Ong also seems to imply that national education in Singapore embraces critical historiography – something I am quite sceptical about because I think there’s always room for improvement in something like that in Singapore. I mean, look at how many young Singaporeans knew who Dr Goh Keng Swee or S. Rajaretnam were and the crucial roles they played in Singapore’s foundational days as an independent nation, before their deaths hit the local headlines. An important caveat though: I could be wrong here, so I would appreciate anybody in the know to challenge or back me up on this.
But it is fair to surmise the subtext to Ong’s commentary is his issue with how Ben seems to imply that ALL Singaporeans are incapable of critical history – consider how much Ong talks about the ready availability of alternate histories in his piece and how Singaporeans can choose to access them if they so wish.
Ben is not explicit on this, but the way I see it, it is not whether they are readily available, but whether the bulk of the Singaporean public have the critical capacity to process these alternatives. I have no doubt there is a sizeable group of Singaporeans who are able to do so – the Singapore government did invest a ton of money in our education after all – but the question for Singaporeans is what and how we choose to “react” to such critical knowledge.
Do we use it to empower us in our everyday political discourse? Or do we choose to work around what we know, to benefit our economic well-being? To be frank, both options are “smart” ones in that they are decisions based on such critical knowledge – among the college-educated people I know, at least. The flip side of not conducting our historical discourse in such a polemical fashion, as Ong said, is that people can hide behind the veneer of any “nuanced” approach.

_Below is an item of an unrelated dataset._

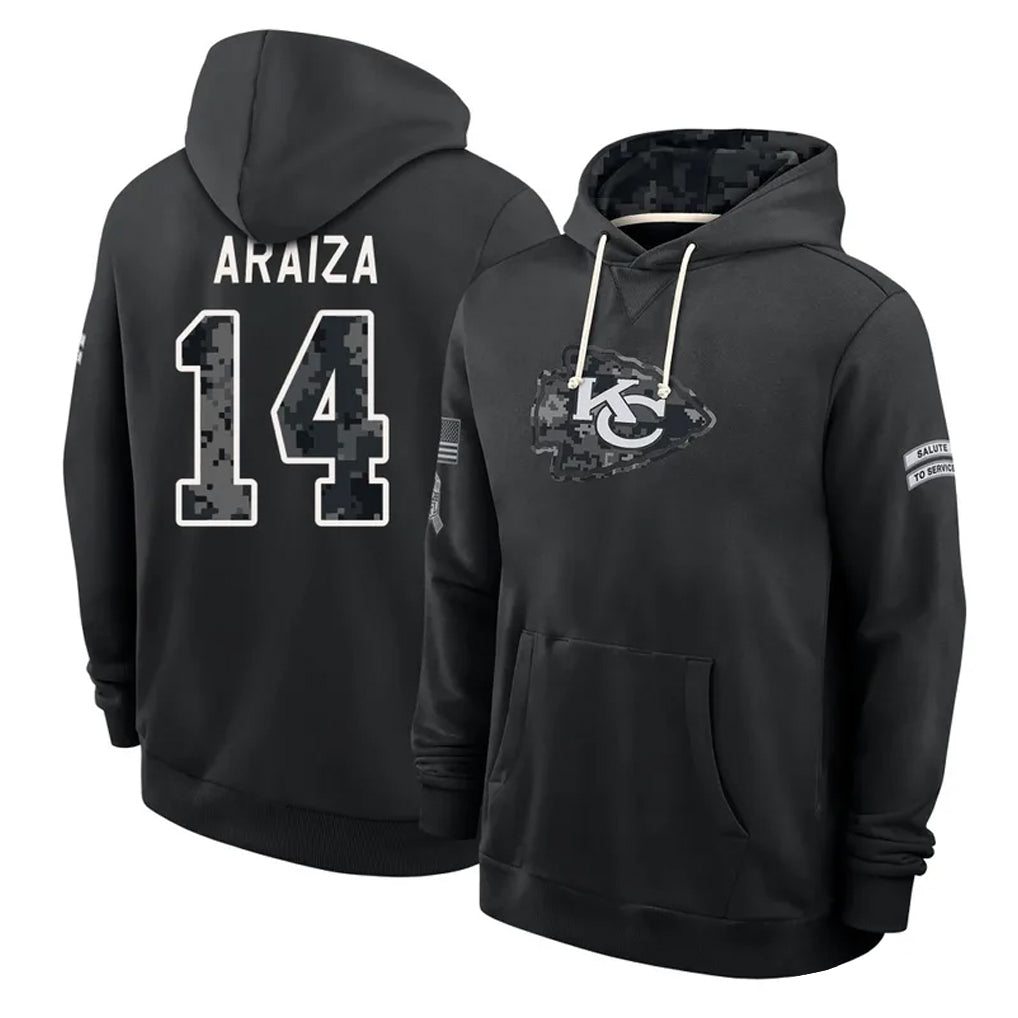 KC.Chiefs #14 Matt Araiza Player 2026 Black Logo Pullover Hoodies Limited Game Stitched Jerseys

But whether that in itself is “bad” or “good” is a judgement call, necessarily conditioned on the political traditions one is socialized in. Consider the number of people who are avowedly “political” in Singapore – the probable result of Ben’s original, overarching point – and then consider how the language of politics in Singapore, as with most of the emergent economies in the world today, is an overtly economical one.

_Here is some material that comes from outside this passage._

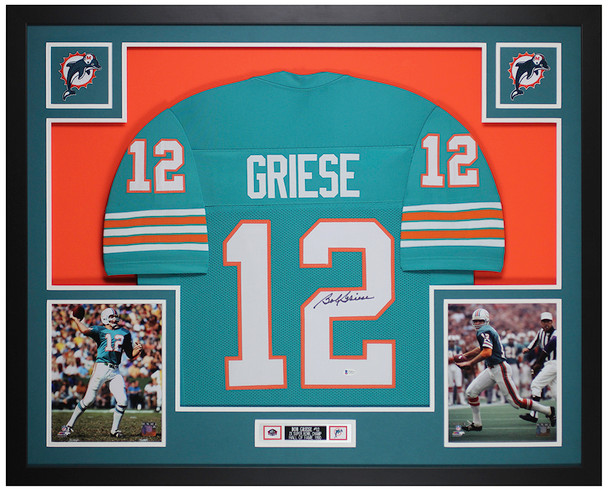 Bob Griese Autographed & Framed Teal Miami Jersey Auto Beckett Certified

Ben talks about how “Singaporeans need to develop a better understanding of their own history not so much to ‘fully appreciate’ what the PAP has done for them but to understand the limitations of their rigid political system and how they can improve it”. But I think we could all start by appreciating the current material reality in Singapore. We – certainly I do – understand the merits of liberal democracy and all that, but to be fair, the issue is how do we work towards those goals from our current situation.

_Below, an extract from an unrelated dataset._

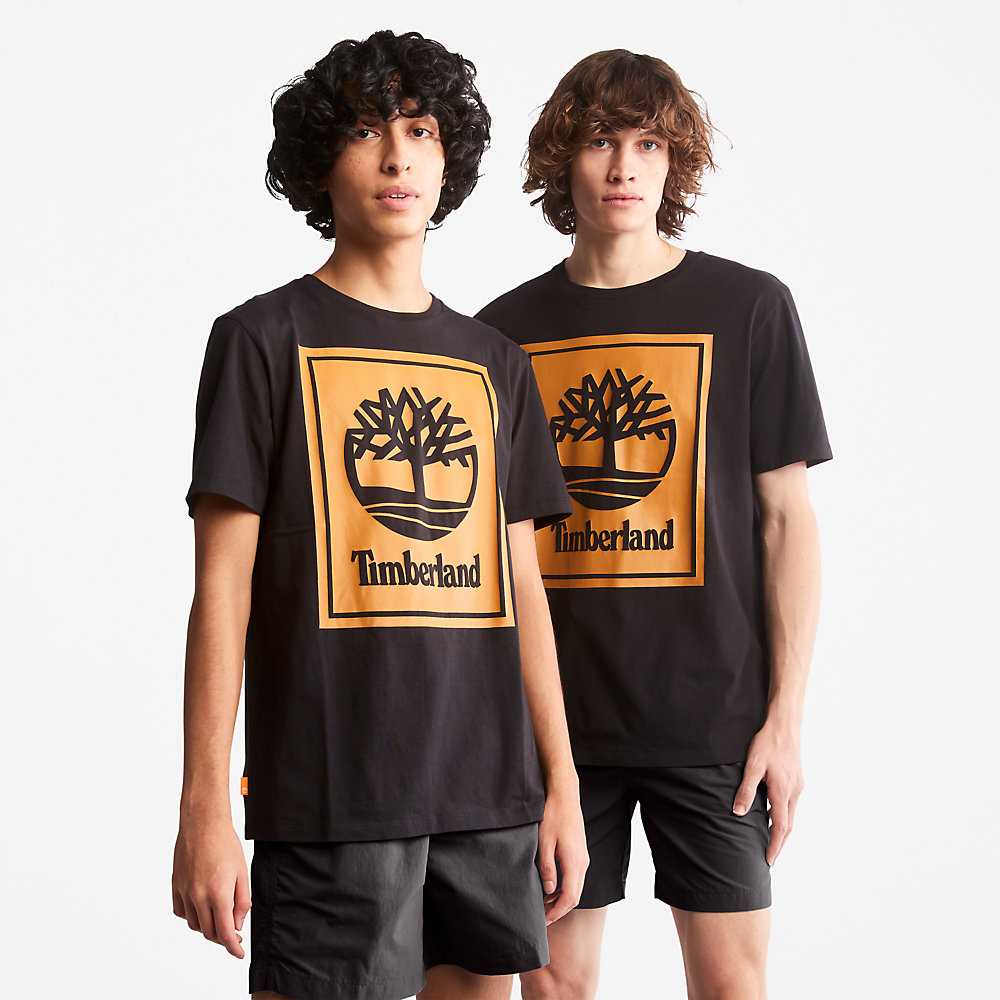 Black Men's Timberland Tree Logo T Shirts | Israel-4387269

However Singaporeans choose to do that, I think all of us could all start by acknowledging that not everything “good” about Lee Kuan Yew is “uncritical” or “bad” – because a critical appreciation of Singapore’s history is really more than being anti-PAP. The tricky thing about being critical about Singapore’s history is establishing what praise for PAP is legitimate and what is not – which is problematic because in the absence of a public “instititional” ideological realm, everything becomes easily cast as being for or against the government because there are no markers of what’s left, right, libertarian or whatnot.